Re: Experimental basis for the Non-Beneficial Gap Problem
- From: Seanpit <seanpit@xxxxxxxxx>
- Date: Thu, 10 Jul 2008 13:24:14 -0700 (PDT)
On Jul 9, 11:51 am, hersheyh <hershe...@xxxxxxxxx> wrote:
On Jul 9, 7:47 am, Seanpit <sean...@xxxxxxxxx> wrote:
On Jul 8, 4:53 pm, Rupert Morrish <rup...@xxxxxxxxxxx> wrote:
[snip]
And, what that means is that the average number of
mutations needed to cross the gap increases exponentially.
And where, exactly, have you actually calculated an "average" anything
from actual data? To do that, you would first have to show, in
systems that *did* evolve, that there was some sort of correlation
between the size of the end product and the number of mutational steps
from functionally useful precursors. You have never shown such a
correlation from actual data from actual systems that have evolved.

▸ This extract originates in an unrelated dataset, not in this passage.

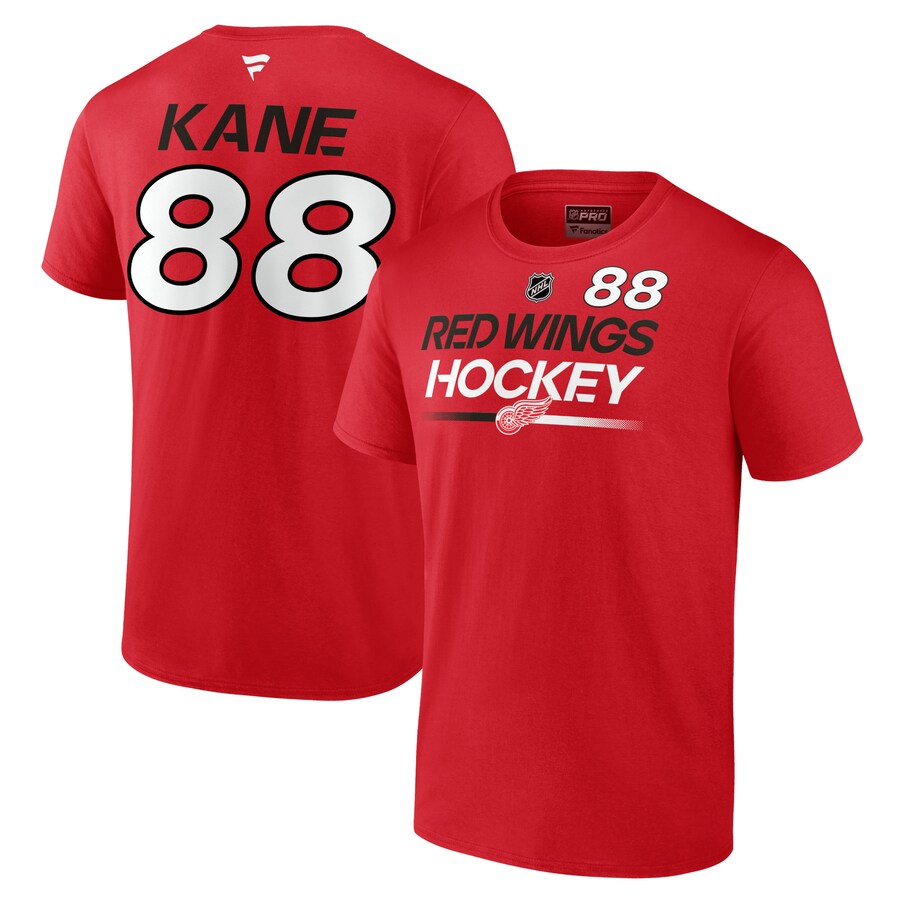 Men's Detroit Red Wings Patrick Kane Fanatics Red Authentic Pro Prime Name & Number T-Shirt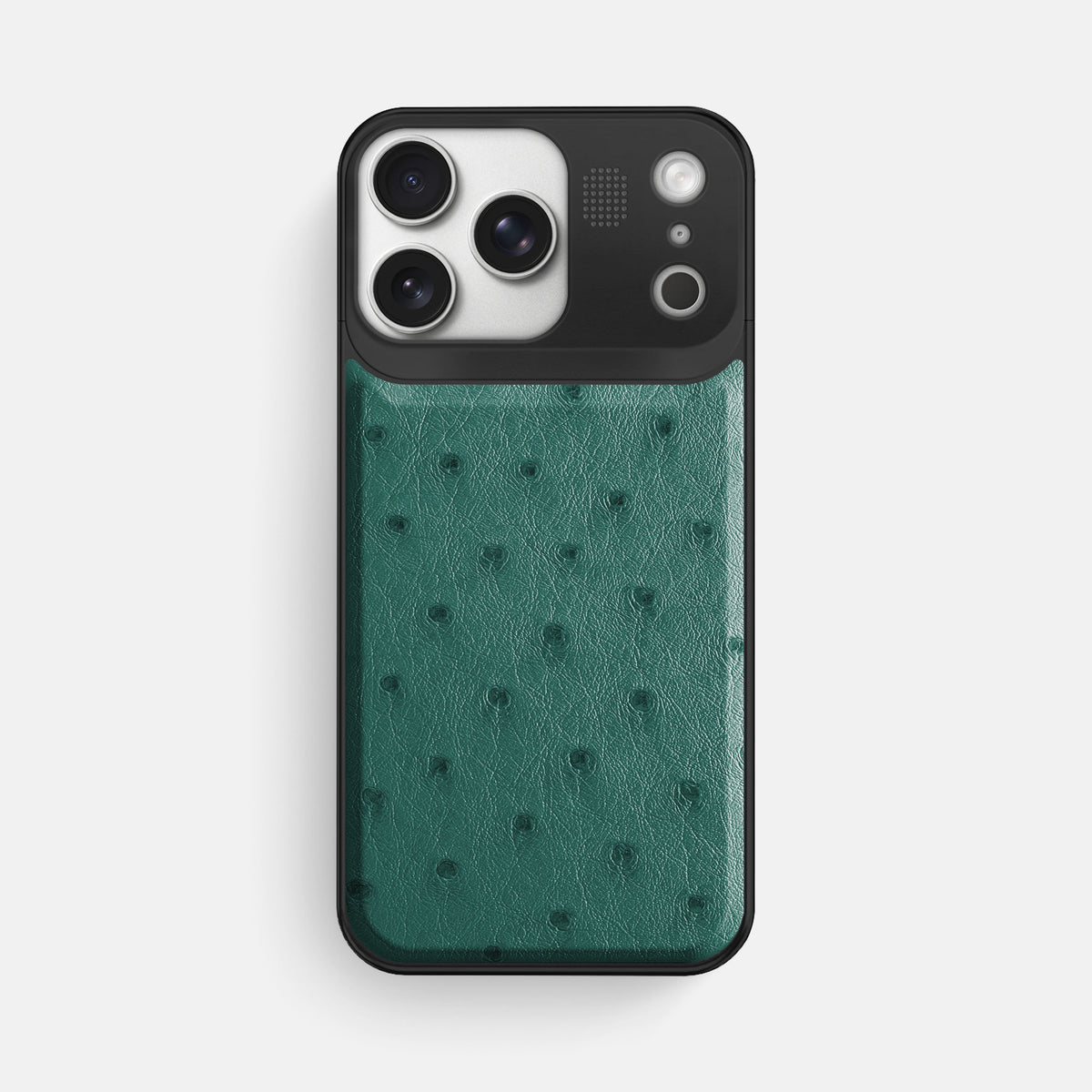 Metal Case For iPhone 17 Pro Max In Ostrich -1 | Forest-Green-Black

You have merely *assumed* without evidence that there is such a
correlation.
You don't have it quite right. All the systems that have been
observed to evolve have had a structural threshold minimum of no more
than a few hundred fairly specified residues. The vast majority of
these real examples of evolution in action have crossed gaps of only
one or two residue differences. This true regardless of if the
minimum structural requirements were 40aa or 400aa. So, according to
your argument you would say that there is no correlation between the
size of the minimum gap distance and the structural threshold
requirement. That's where you're quite mistaken.
Consider a novel system of function that only requires 40aa. Most
bacterial genomes would have a large number of pre-existing starting
point sequences that would be within a handful of mutations of this
potentially beneficial target. Compare this with a 400aa target
system. There will be exponentially fewer starting points within the
genome that will be within the same handful of mutations from this
higher level system.
See the correlation? That is why 1000aa systems don't evolve in real
time - - because, as you extrapolate this pattern while moving up the
ladder of functional complexity, the odds of any pre-existing starting
point being with striking distance of any potentially beneficial
1000aa drop exponentially.
< snip >
The minimum number is related to the average number along a Poisson
distribution. The odds that the minimum number will stay at the
minimum possible number of 1, as those like Howard Hershey suggest,
drop dramatically along a Poisson distribution as the average number
increases exponentially.
As the "average" gap size increases, assuming you could actually
calculate "average gap size* form total size, the probability that the
minimum *available* pathway at any one time involves a single step
would decrease.
That's right. That's the only important factor affecting predictive
value here.
But the minimum *possible* pathway will still be one,
regardless of the size of the end result.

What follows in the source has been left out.